Vecepia Poneia Towery-Robinson is an American office manager and reality TV personality, best known for winning Survivor: Marquesas, the fourth season of Survivor.

Early life and career
Towery was born in Portland, Oregon, where she attended Grant High School and Portland Community College before going on to receive her bachelor's degree in human services from Troy State University in Alabama. She served six years in the U.S. Air Force, assigned to the 32nd Security Police Squadron. She served in Soesterberg, Netherlands for several years and was later inducted into the Air Force's Europe Sports Hall of Fame She was stationed in Turkey during Operation Desert Storm.

Towery once managed the office at a software development company. She has also worked as the guest relations manager for St. Rose Hospital in Hayward, California.

Survivor

In 2001, Towery decided to apply for the reality TV competition show Survivor. Despite searching the Internet and contacting CBS' New York headquarters directly, she was unable to find information on how to apply, and quickly gave up her quest. About a month later, claiming to have received a sign from God, she resumed her search and found the application information that she needed at CBS' own website. Shortly thereafter, she was cast on Survivor: Marquesas, the series' fourth season.
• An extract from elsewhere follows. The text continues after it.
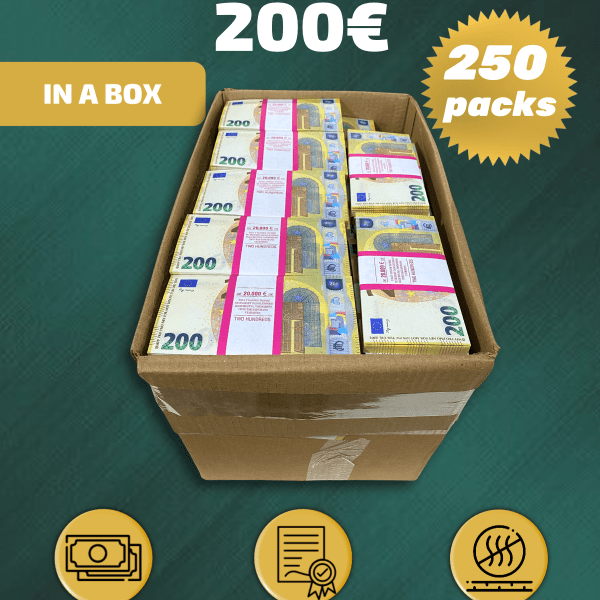200 Euro prop money stack two-sided two hundred fifty packs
Originally part of the Maraamu tribe, Towery was not a target at the beginning of the game. When her tribe lost the first immunity challenge, she did not join the rest of her tribe to vote out Peter Harkey, but—together with Sean Rector—voted for Sarah Jones, believing that she was not pulling her weight. When Maraamu lost immunity once again in Episode Two, she joined Rector, Rob Mariano and Jones to vote out the tribe's motherly figure, Patricia Jackson, due to her bossy attitude. When the tribe lost immunity once again in Episode Three, the new alliance of four targeted the tribe's strongest member, Hunter Ellis, and he was voted out.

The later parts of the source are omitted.